Суверенная власть короля, его несвязанность существующими правовыми обычаями закреплялась многими другими, более частными нормами публичного права. Так, королю предоставлялось исключительное право «даровать милости и изъятия, невзирая на общее право», закрепленное окончательно ордонансом 1490 г. В соответствии с ним король мог легитимировать незаконнорожденных, миловать преступников, предоставлять различные привилегии городам и т. д.

Только король имел право объявлять и вести войну, чеканить монету, назначать епископов. Особенно важно, что публичное право признало за королем исключительные полномочия взимания налогов и податей со своих подданных. Ясно сформулированных в нормах права ограничений власти короля в этом вопросе не было. К важным законам относился также закон, регулирующий преемственность престола («король Франции никогда не умирает») и закон о неотчуждаемости домена. Последний предусматривал исключения — в случае острой военной необходимости и при выделении апанажей королевским детям. Особая норма права провозглашала «всех людей королевства» подданными короля.{539}

Итак, фундаментальные законы, или публичное право французского королевства, в XVI в. представляли собой сплав старых феодальных и новых (развившихся во многом под влиянием римского права) норм при несомненном перевесе последних. Эти законы стали итогом длительной духовной и политической эволюции общества, в которой большую роль играли не только политико-правовые идеи, но и развитие нравственного сознания в религиозном и светском его выражении. Как оценить эти законы и итоги политической эволюции Франции в XIV–XV вв. с точки зрения сложившейся государственной системы и характера королевской власти? 

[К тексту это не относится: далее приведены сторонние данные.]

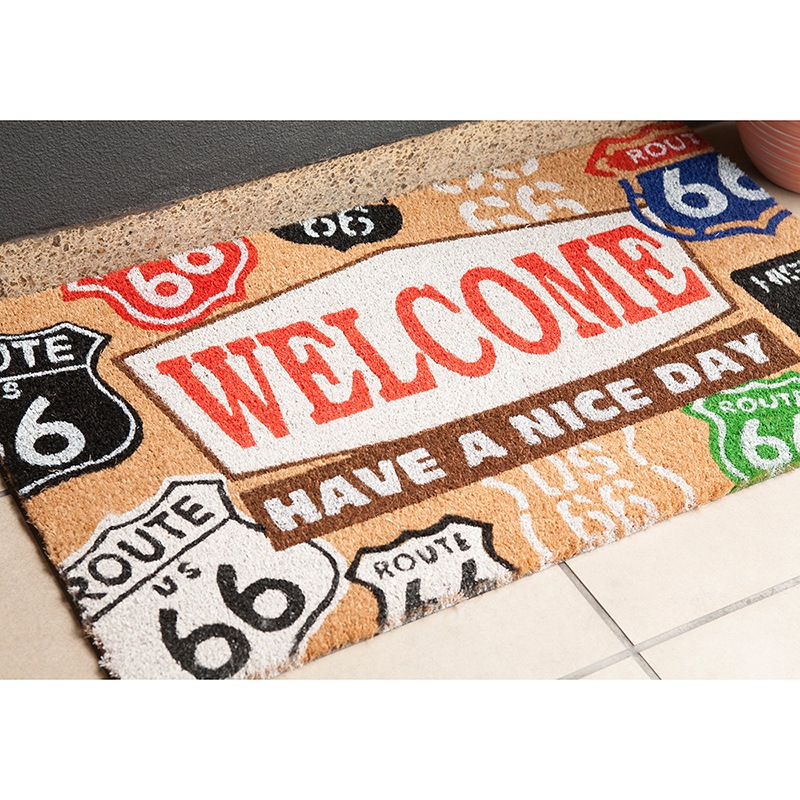 ڸإޥåȡCoir mat 䡼ޥåȡWELCOME ROUTE66ϡ㥢ꥫ󻨲ߡ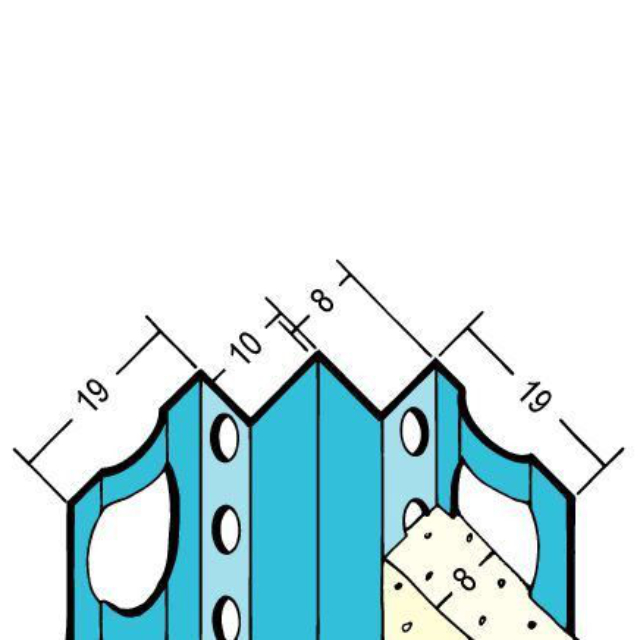Inneneckprofil für den Innenputz 1004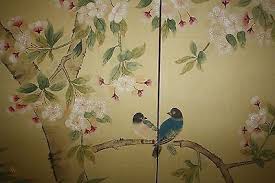 Wood screen panel s c no atn21888 group a scac hnlt ams 000000000000000000. Antique Chinese 4 Panel Silk Screen 482479441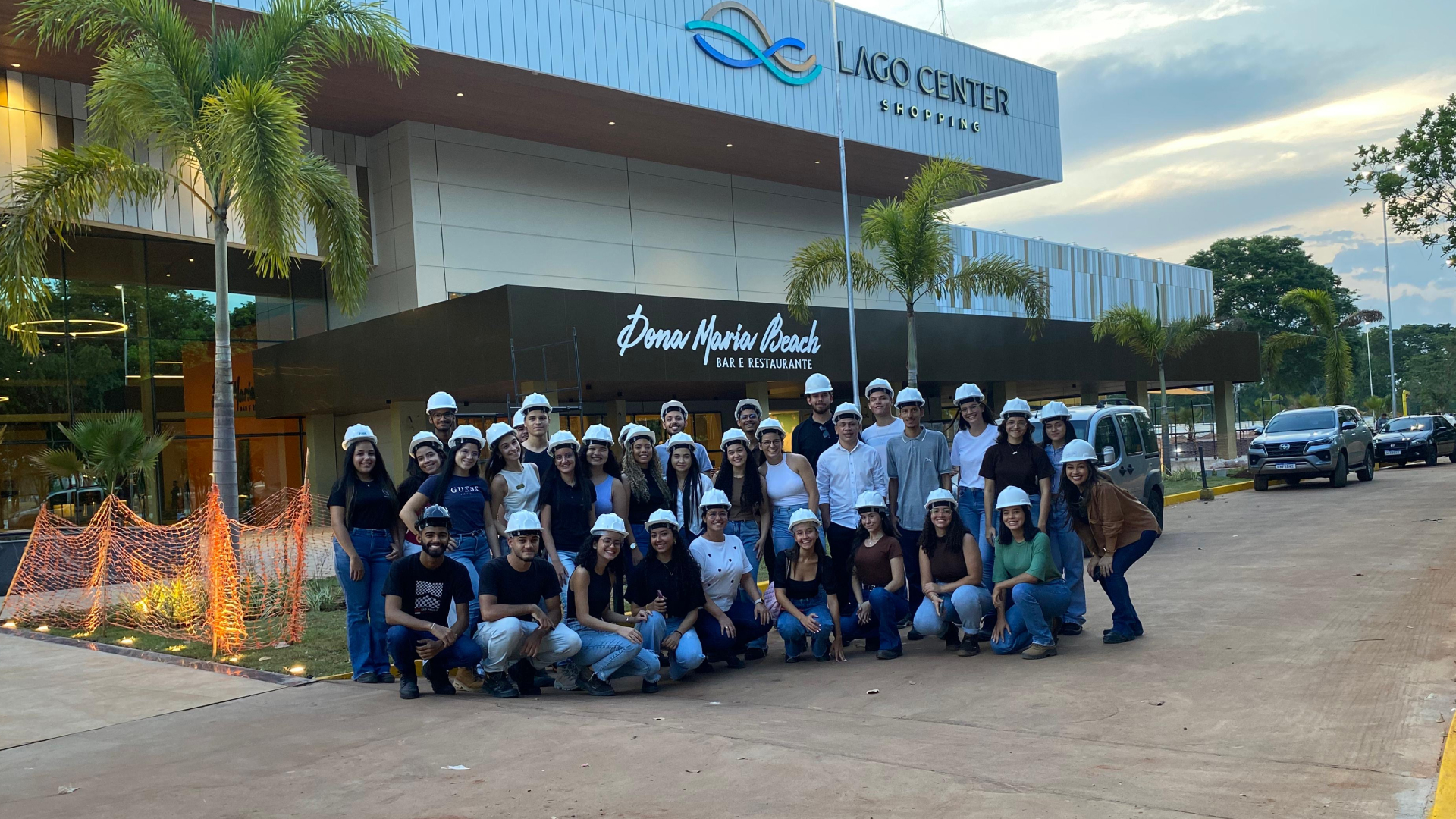 Visita Técnica de Acadêmicos de Arquitetura e Urbanismo ao Shopping Lago Center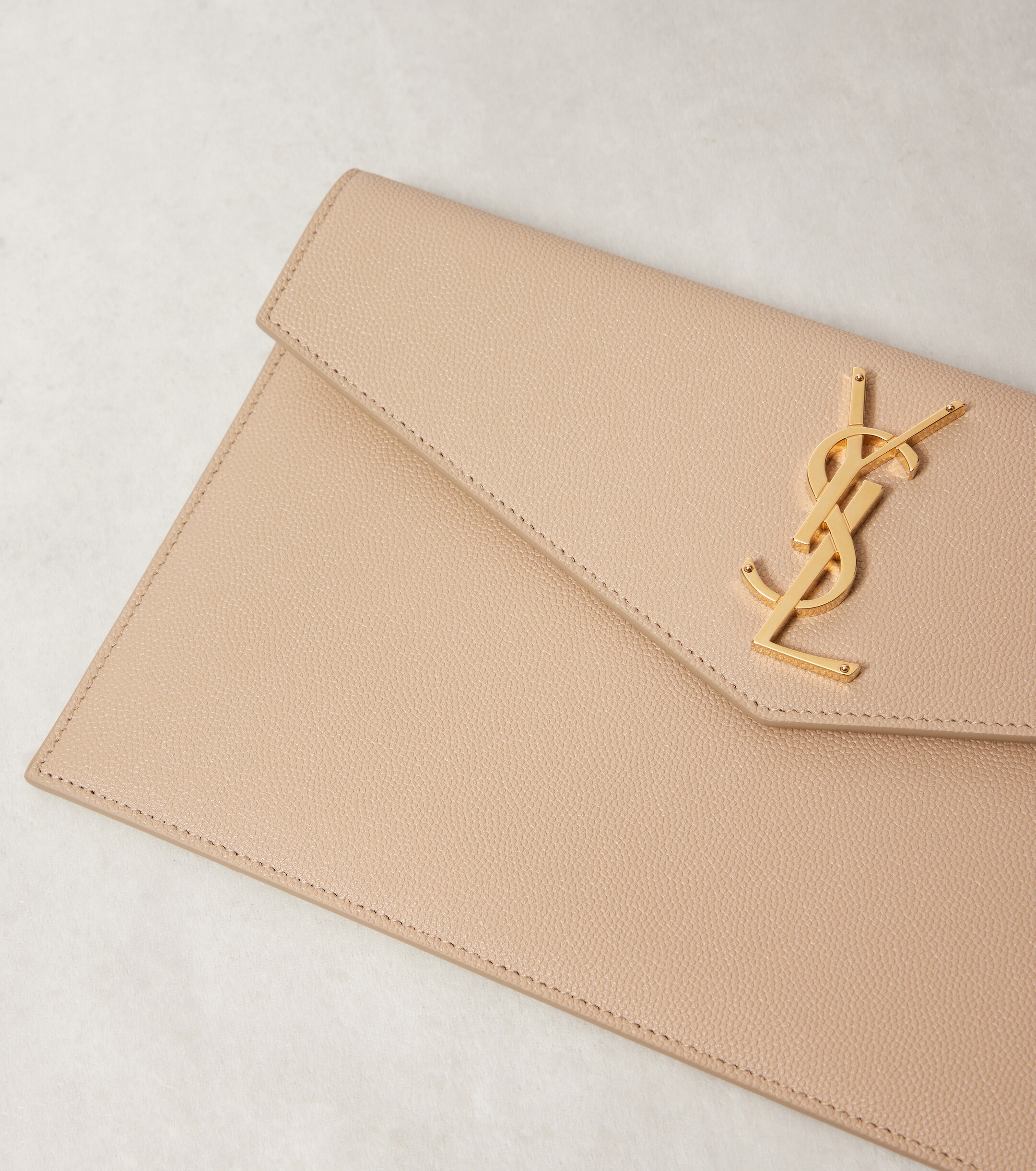 Saint Laurent Uptown leather clutch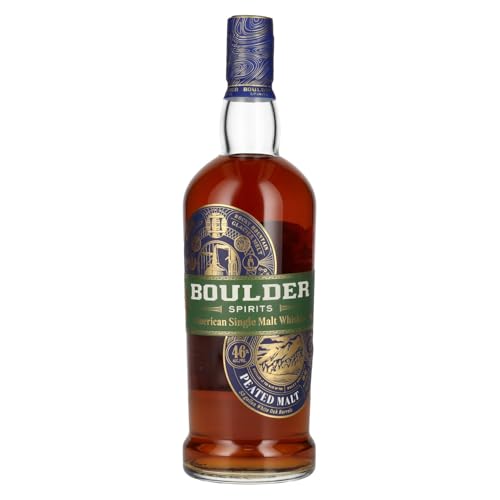 Boulder Spirits American Single Malt PEATED Whiskey 46% Vol. 0,7l Boulder Spirits American Single Malt PEATED Whiskey 46% Vol. 0,7l von Boulder Spirits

Если обратиться к оценкам юристов XVI в., то наибольшего внимания из них заслуживают две, близкие друг к другу, но и существенно различные. Ги Кокий утверждал, что «Франция управляется монархической властью, но эта власть не абсолютна, она сама управляема определенными законами». Этот вывод он делает, истолковывая принцип «что угодно государю, имеет силу закона» таким образом, что «закон есть воля короля», т.е. король не имеет другой воли, кроме воли закона.

А. Луазель же писал, что «Франция — это наследственная монархия, умеряемая законами». И его точка зрения представляется более реалистичной. Политико-правовая мысль, воплощенная в фундаментальных законах, и сложившаяся государственная система действительно лишь умеряли власть монарха. Представление же, что законы управляли монархом и ограничивали его власть, оставалось благим пожеланием как в теории, так и на практике. Сохраняя суверенитет за королем, теоретическая мысль не могла выработать недвусмысленные принципы ограничения власти короля законом (для этого нужно было бы закрепить суверенитет за короной, а не за персоной короля, как было сделано в Англии). Соответственно во Франции ни один политический институт, прежде всего штаты, не утвердился в функциях контроля королевской власти. Парламенты со своим правом регистрации и ремонстрации законов и указов способны были выполнять эту функцию лишь отчасти, только «умеряя» суверенную власть короля.